··· GIVEN MATERIAL ···
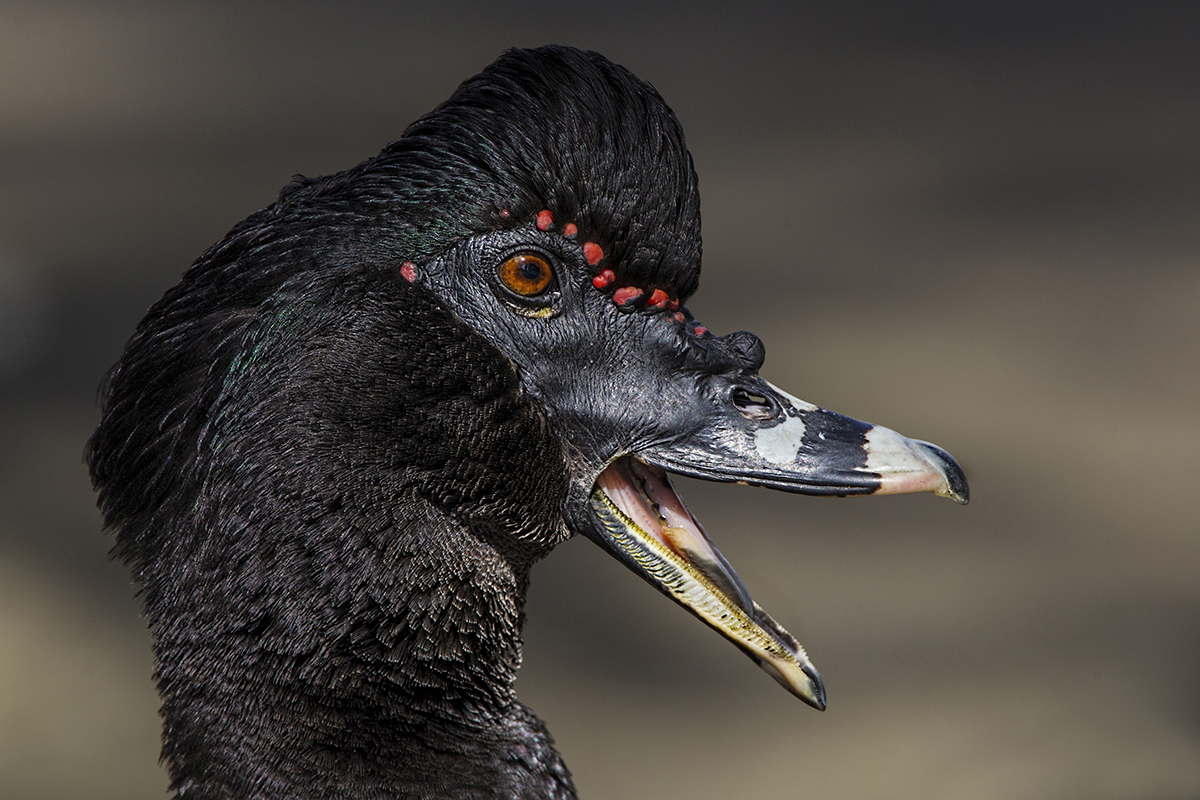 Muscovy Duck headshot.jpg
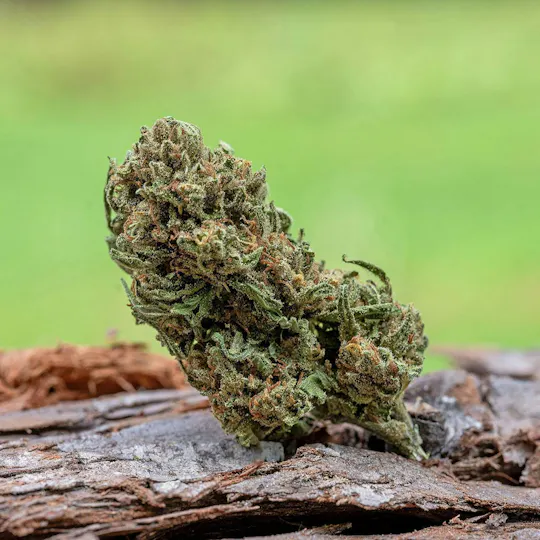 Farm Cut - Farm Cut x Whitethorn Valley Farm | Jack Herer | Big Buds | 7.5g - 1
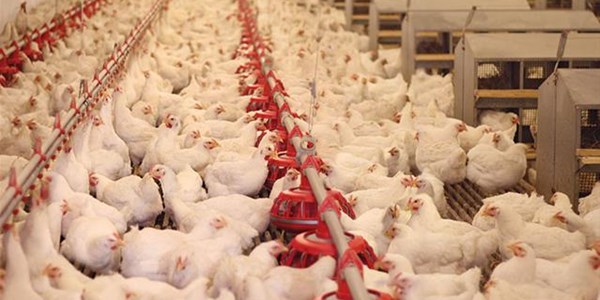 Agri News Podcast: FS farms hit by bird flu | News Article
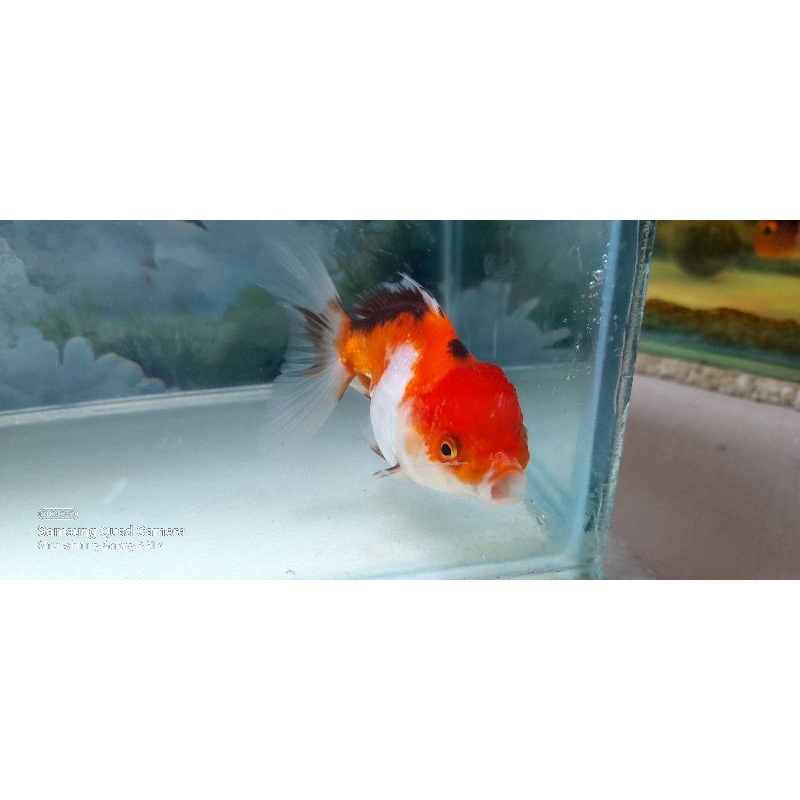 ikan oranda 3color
···
All of the data, minus its pictures, should be repeated exactly.

 Muscovy Duck headshot.jpg
 Farm Cut - Farm Cut x Whitethorn Valley Farm | Jack Herer | Big Buds | 7.5g - 1
 Agri News Podcast: FS farms hit by bird flu | News Article
 ikan oranda 3color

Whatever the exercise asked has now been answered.